2.1. Introduction to Porous Materials

There are many porous materials, such as porous metals and porous ceramics. Compared with dense metal materials, porous metals have a lot of good characteristics, such as low thermal conductivity, high heat transfer and heat dissipation capacity, sound absorption and good sound insulation, excellent wave transmission, good electromagnetic wave absorption, fire resistance, and thermal shock resistance. Commonly used porous metal materials are bronze, nickel, titanium, aluminum, stainless steel, and other metals and alloys. Porous ceramic is a new type of ceramic material, and the manufacture of its use began in the late 1950s. Initially, it was used only as a bacterial filter material. Porous ceramic materials have good permeability, low density, high hardness, large surface area, and small thermal conductivity, so they are widely used in metallurgy, chemical industry, environmental protection, energy, biology, food, medicine, and other fields. The most widely used porous ceramic preparation process is organic foam immersion slurry replication technology, which produces a mesh ceramic which is a porous material consisting of ceramic network surrounded by connected voids.

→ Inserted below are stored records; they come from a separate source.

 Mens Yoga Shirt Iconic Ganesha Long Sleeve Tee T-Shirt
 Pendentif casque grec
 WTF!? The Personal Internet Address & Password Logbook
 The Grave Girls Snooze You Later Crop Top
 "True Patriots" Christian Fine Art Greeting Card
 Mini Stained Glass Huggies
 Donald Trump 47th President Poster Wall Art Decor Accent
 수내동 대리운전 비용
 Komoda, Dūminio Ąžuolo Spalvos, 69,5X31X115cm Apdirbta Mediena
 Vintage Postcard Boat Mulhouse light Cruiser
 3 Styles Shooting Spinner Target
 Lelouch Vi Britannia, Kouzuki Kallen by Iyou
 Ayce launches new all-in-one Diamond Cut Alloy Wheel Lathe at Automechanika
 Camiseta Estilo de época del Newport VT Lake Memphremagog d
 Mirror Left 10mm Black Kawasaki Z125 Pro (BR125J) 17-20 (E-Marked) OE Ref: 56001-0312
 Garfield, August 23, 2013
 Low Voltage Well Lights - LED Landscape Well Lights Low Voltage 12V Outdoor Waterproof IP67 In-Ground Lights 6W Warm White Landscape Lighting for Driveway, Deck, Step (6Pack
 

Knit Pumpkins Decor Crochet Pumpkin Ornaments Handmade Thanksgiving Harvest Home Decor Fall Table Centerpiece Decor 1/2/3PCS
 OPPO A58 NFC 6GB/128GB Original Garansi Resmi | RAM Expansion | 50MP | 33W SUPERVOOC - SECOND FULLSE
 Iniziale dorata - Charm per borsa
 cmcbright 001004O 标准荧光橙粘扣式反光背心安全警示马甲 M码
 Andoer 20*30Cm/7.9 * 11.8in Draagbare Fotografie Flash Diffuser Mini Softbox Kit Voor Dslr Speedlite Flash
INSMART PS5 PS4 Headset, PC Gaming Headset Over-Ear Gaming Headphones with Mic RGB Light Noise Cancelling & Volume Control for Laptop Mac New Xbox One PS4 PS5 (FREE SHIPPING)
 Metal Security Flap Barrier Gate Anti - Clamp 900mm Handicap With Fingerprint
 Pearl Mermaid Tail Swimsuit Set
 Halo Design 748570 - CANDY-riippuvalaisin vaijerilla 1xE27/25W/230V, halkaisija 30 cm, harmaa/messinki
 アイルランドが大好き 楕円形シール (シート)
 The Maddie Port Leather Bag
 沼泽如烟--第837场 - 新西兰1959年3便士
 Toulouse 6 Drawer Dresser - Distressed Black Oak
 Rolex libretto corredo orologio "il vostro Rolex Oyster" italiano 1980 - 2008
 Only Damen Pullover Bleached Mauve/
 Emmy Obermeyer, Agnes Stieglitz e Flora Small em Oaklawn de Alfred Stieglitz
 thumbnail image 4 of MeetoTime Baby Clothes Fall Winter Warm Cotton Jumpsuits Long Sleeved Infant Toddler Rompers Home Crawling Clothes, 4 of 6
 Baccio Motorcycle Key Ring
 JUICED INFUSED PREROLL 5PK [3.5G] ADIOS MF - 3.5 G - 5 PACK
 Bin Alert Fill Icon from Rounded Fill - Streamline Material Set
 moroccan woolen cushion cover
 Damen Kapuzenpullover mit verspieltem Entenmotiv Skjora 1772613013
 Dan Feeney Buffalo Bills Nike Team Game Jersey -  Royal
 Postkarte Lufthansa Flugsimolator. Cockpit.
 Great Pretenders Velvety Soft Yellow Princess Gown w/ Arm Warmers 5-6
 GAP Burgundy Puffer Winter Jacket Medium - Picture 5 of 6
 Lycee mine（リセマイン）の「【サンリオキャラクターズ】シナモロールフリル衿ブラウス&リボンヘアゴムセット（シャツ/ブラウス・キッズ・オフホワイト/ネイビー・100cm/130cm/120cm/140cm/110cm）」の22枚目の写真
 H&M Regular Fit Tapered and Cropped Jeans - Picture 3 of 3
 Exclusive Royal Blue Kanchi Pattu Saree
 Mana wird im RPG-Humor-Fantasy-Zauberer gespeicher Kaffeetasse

A porous material is a collection of units of solid matter that are combined in some way. These units have pores between them, and these pores allow the circulation of substances such as gases and liquids. The most important characteristic of porous materials is that they have many pores compared to other materials with a tighter structure, and the size and shape of the pores vary from one porous material to another. The appearance of porous materials that people see with the naked eye is actually the appearance of all the units gathered together. Porous materials rely on solid material units to maintain their shape and properties, so the sum of interconnected units in porous materials is usually called the solid skeleton. From the above analysis, it is clear that porous material is a material form composed of solid skeleton and pore space together. The space between the units in a porous material is called the pore of the porous material. The shape of the units is very irregular and thus the pore shape is extremely complex; it is so complex that it is difficult to describe the geometry precisely by mathematical means. The pores are homogeneous at the macroscopic level and randomly distributed in the porous material at the microscopic level. Some pores are interconnected and they play a major role in the permeability of the medium. Some pores are isolated and closed by the solid skeleton and become dead-pores, while some pores are partially isolated and only one end is connected to other pores and are called dead-end-pores, which can store fluids but contribute little to the permeability of the medium. Some pores are located between units and are called intergranular pores in geoscience. Some pores are located inside the unit and are referred to as intragrain pores in geoscience. The larger scale pores in the medium are often in the form of fissures, cuttings, cracks, or cavities. Regardless of the type, pores are interwoven in porous materials to form a complex network, and it is not meaningful to study individual pores in isolation.

2.2. Generating Adversarial Neural Network (GAN)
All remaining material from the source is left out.